A step by step guide
It is a common practice to have development and test servers for each production server, so that you can experiment with changes without the fear of breaking anything important, but this is usually not feasible with clusters. So how do you try that new version of your favorite program before committing it to the production cluster? A cheap and convenient possibility is to build a virtual cluster.
Thanks to the Xen virtual machine monitor, you can create a number of virtual machines, all running simultaneously in your computer, install different operating systems in them, or just different configurations, and connect them via (virtual) network cards. Xen is a terrific tool for building virtual Beowulf clusters. It can prove useful when learning or teaching about clusters or for testing new features/software without the fear of causing major damage to an existing cluster.
This guide is the first of a series in which I give you detailed step-by-step instructions on how to build a virtual cluster with Xen. The cluster thus built might not be appropriate for your case, and does reflect the author's preferences and/or needs, but if you are new to clusters or Xen, it will hopefully help you get started with both.

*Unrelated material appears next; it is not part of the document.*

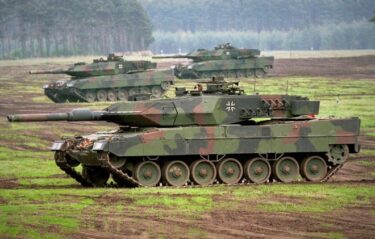 ドイツ外相、ポーランドのウクライナへの戦車供与を認めると言及！最強戦車「レオパルト2」に期待感高まる　欧州で２０００両以上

The goal is to start it simple and then add more complexity as we progress, so in this first guide I show you how to get do the basics:
- A Xen installation, the creation of 5 virtual machines (one to act as the master and four slaves),
- Shared storage through NFS,
- The network configuration on which to build the virtual cluster.

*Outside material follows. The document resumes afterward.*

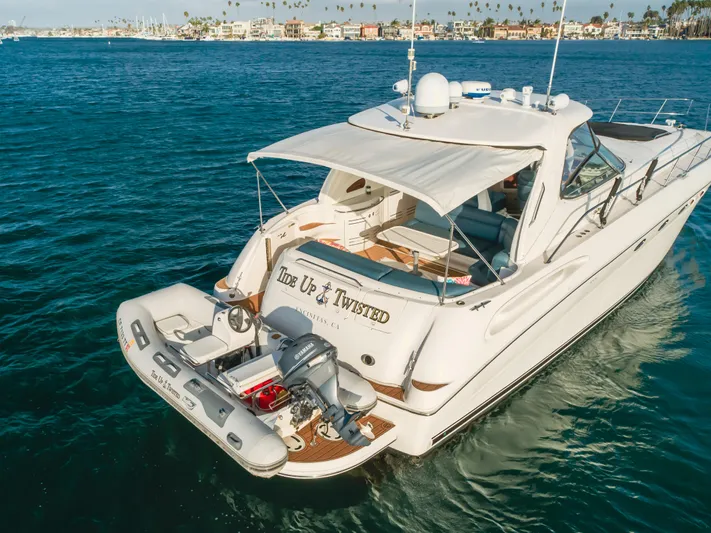 Tide Up & Twisted Yacht Photos Pics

The network structure of this first attempt will be very simple, the master having two network cards, one to the outside world and the other one connected through a switch to the slaves. The virtual cluster is shown below in Figure One.
Xen Installation
In this section, we will do the basic work to get our virtual cluster ready, by installing Xen. As per the remainder of the guide, if you are an experienced user, you might want to deviate from the steps provided here, although then you may have to solve a number of problems if they arise. If you have no such experience, I would suggest you to follow this guide as close as possible the first time, and later redo your cluster if you wish. Furthermore, to make sure that you can follow the steps precisely, you would need a computer ready to be wiped clean (i.e. a sandbox system). In addition, it is assumed that you will be able to get appropriate necessary IP addresses and names for you system. (one for the host computer and another one for the master node of the cluster).Let's start with a fresh install of the operating system in a moderately powerful computer (in my case a Dell Optiplex GX 280 with 1GB of RAM and a 150GB disk). As configured here, the master needs 128MB of RAM and each slave 64MB, so if you wanted to configure many more slaves, you should probably get more RAM. Disk space is not an issue, as the master requires roughly 2GB and each slave 1GB (to a grand total of 6GB). In this guide we assume a Ubuntu version 5.10 system. In principle Xen would work with any other distribution, but Ubuntu has become really popular lately, and it provides a very simple install, requiring only one CD, which you can download from one of the Ubuntu mirros (5.10 is not the most current version, however).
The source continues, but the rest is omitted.